Minor applicants under 13 years old cannot enroll in Digital Banking due to regulatory restrictions. When enrolling, if the birth date entered is not eligible, an error appears and the minor will not be able to continue enrolling.

 

Regulatory Restrictions

These restrictions vary by country, but in the United States, three primary regulations include the Children's Online Privacy Protection Act (COPPA), the Uniform Transfers to Minors Act (UTMA), and the Uniform Gifts to Minors Act (UGMA).

COPPA is designed to protect the privacy of children under the age of 13 by requiring websites and online services, including digital banking platforms, to obtain parental consent before collecting, using, or disclosing personal information from children. Some requirements include:

  • Parental Consent Financial institutions must obtain verifiable parental consent before enrolling minors under 13 in digital banking services.
  • Privacy Policies – Financial institutions must provide a clear and comprehensive privacy policy outlining their data collection practices regarding children.
  • Data Minimization – Financial institutions should collect only the information necessary to provide the service and must ensure the security of that data.

The Federal Trade Commission (FTC) enforces COPPA and can take action against institutions that fail to comply with its requirements.
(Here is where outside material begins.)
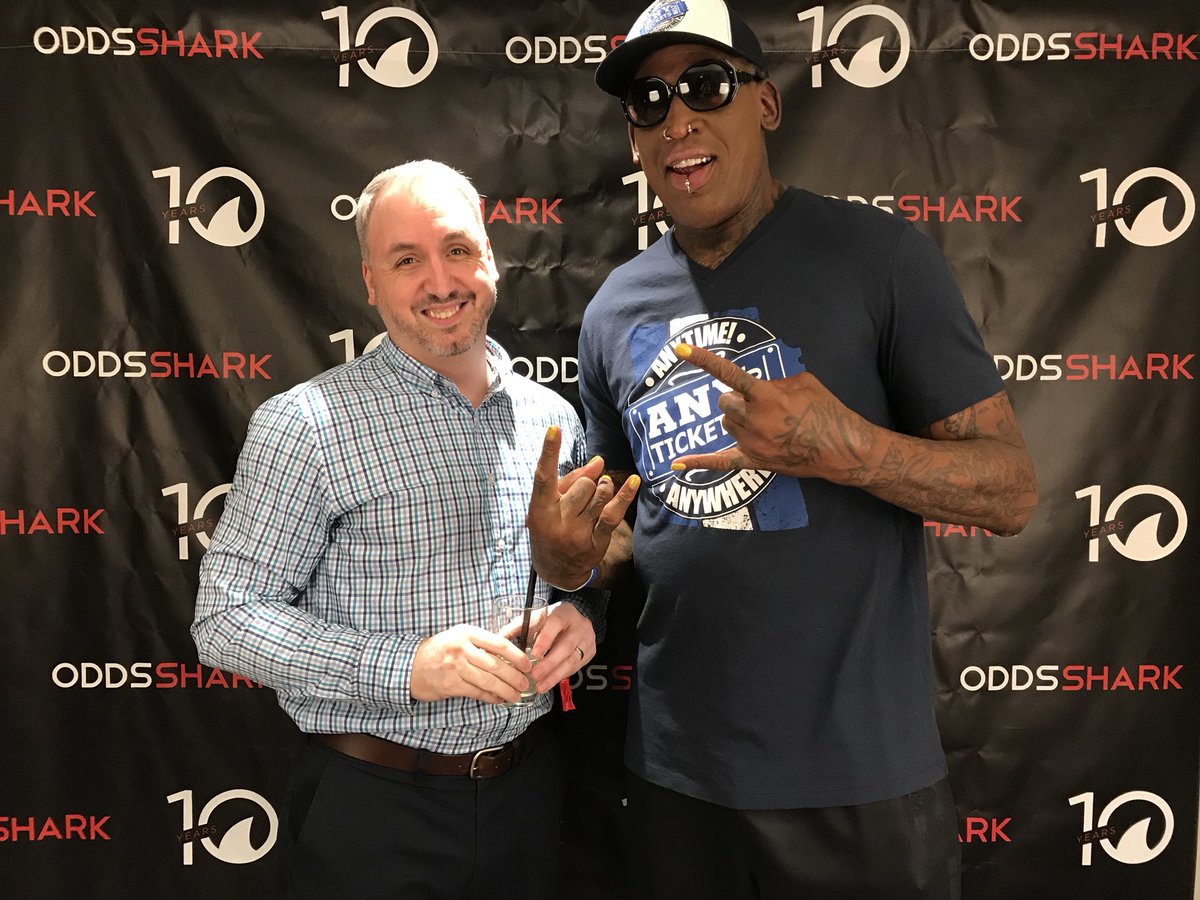 sportstalkmatt's tweet image. The Worm in #Vegas! @OddsShark #osx10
This can include fines and other penalties.

UTMA and UGMA govern the management of custodial accounts. These acts provide a way to transfer property to minors without the need for a formal trust and designate a custodian to manage the assets until the minor reaches the age of majority. Some requirements include:

  • Custodial Accounts – Digital banking accounts for minors under 13 are typically set up as custodial accounts under UTMA or UGMA, where a parent or guardian acts as the custodian.
  • Restrictions – The custodian manages the account and has control over the transactions and decisions related to the account until the minor reaches a specified age (usually 18 or 21, depending on state law).

Each state's government website may provide details on how UTMA and UGMA are implemented in that state.
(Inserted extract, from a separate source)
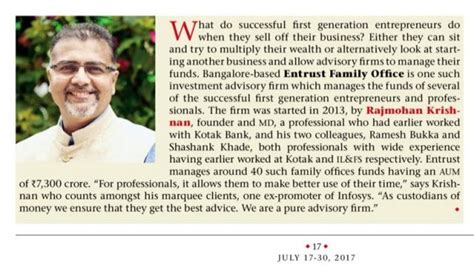 Businessmen in the News - Entrust Family Office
Financial institutions must implement stringent measures to comply with the above regulations, including obtaining parental consent, providing custodial account structures, and ensuring robust privacy and security protocols. Please contact your Narmi Relationship Manager to discuss defining minors for specific accounts, or offering custodial and joint accounts.

Core Restrictions and Segmentation 

Digital banking user entitlement flexibility varies by core banking system and Narmi is limited by what your core supports. Although users must be at least 13 years old, some cores allow minors aged 13-17 to have their own accounts, while others require a joint adult user.

Your institution can also use segmentation to limit functionalities to minor users. During implementation, your implementation Project Manager will review your institution's goals around minor users and suggest specific approaches to take, based on your core.